Who will win the SNP leadership election?

Despite her socially conservative views, Kate Forbes still has a chance.

By Ben Walker

The first SNP members’ poll on the party’s leadership election has been published. It puts Humza Yousaf ahead of Kate Forbes by six points, at 31 per cent to 25 per cent. But 32 per cent of SNP members remain undecided, and the remaining 11 per cent – a potentially squeezable portion – have opted for the more hard-line Ash Regan. While the poll clearly puts Yousaf ahead, justifying his status as the front-runner to succeed Nicola Sturgeon as first minister, the margin is not yet an established one. This could be close.


Party membership polls aren’t famed for their watertight sampling. Surveys of Conservative members for the Tory leadership race last year misjudged the final result by a long way. However, YouGov sampled the Labour Party memberships well in its 2020, 2016 and 2015 leadership elections. Nonetheless Savanta's results make for interesting reading.

The SNP's 100,000-strong membership is largely male, aged in their 50s, but relatively socially liberal. Economically, they tends towards redistribution; on the left-right spectrum, most would end up on the left to centre-left. This reflects the SNP’s own rhetoric, parliamentarians, councillors, and, indeed, most of its voters. But the average member is more liberal than the average voter. And compared with other socially liberal parties, there is a minority of socially conservative members.

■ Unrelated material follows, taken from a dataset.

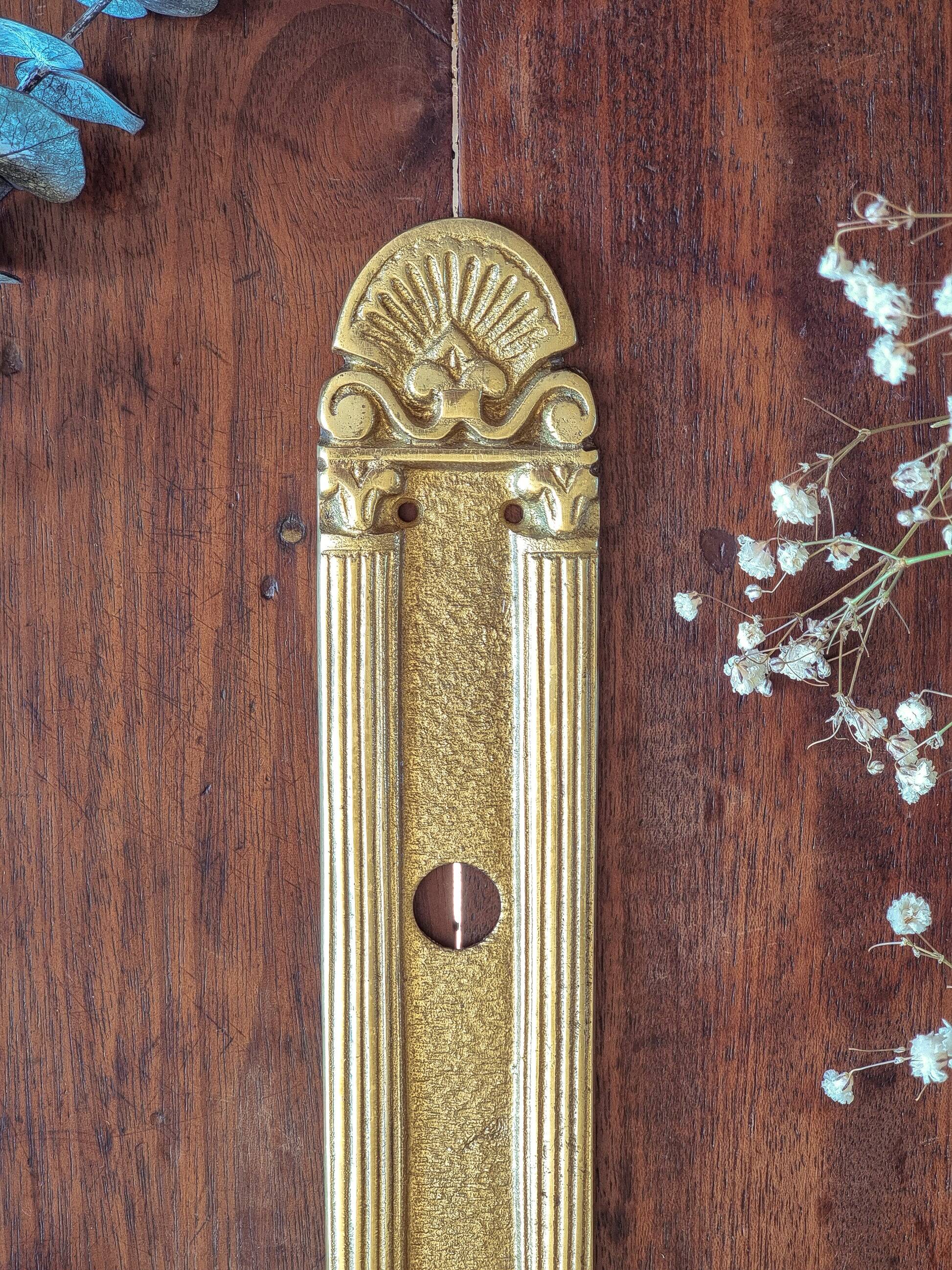 Bronze escutcheon plate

In 2018, the Mile End Institute, part of Queen Mary University of London, published research on the views of the members of different parties. In some ways, SNP members were just as liberal as Labour ones – such as on immigration and on austerity. But it was observed that around 20 per cent of those in Labour and the Lib Dems backed stiffer sentences for criminals, compared with 71 per cent among members of the Conservative Party, and, interestingly, 39 per cent of the SNP. On the death penalty – which around four in ten Britons are still in favour of bringing back (a figure down on last decade) – 23 per cent of SNP members concur. This compared with just 9 per cent of Labour's. 

[See also: Rishi Sunak’s poll bounce shows that he’s still the Tories’ best hope]


These findings on the more populist narratives of crime and punishment suggest there is an ever-present socially conservative minority within the liberal SNP majority.

When a political party defines itself as a referendum “side”, be it Leave for Ukip or independence for the SNP, there are always factional teething troubles. It's inevitable: a single yes-no question will draw together people who have radically different views on other issues. During Ukip’s 2014-15 rise, for instance, Nigel Farage had to contend with a phalanx of members and key figures of his radical right party who wanted a more economically left-wing economic agenda. In Canada, Bloc Québécois, in the aftermath of its close-run defeat in Quebec's 1995 independence referendum, descended into mudslinging and factionalism over the centrist style of the party's leader. It exists today as more centre left than centrist.

What does all this mean for the SNP leadership race? The fact that the socially conservative Kate Forbes is a mere six points behind the front-runner Yousaf while three in ten remain undecided, suggests a conservative wing exists. But it’s still in the minority. Yousaf isn’t a wholly popular figure among Scots (Forbes edges him on that metric), and she evidently has a strong base, but it still feels like a reach for Scotland's Finance Minister to win over the majority-liberal membership.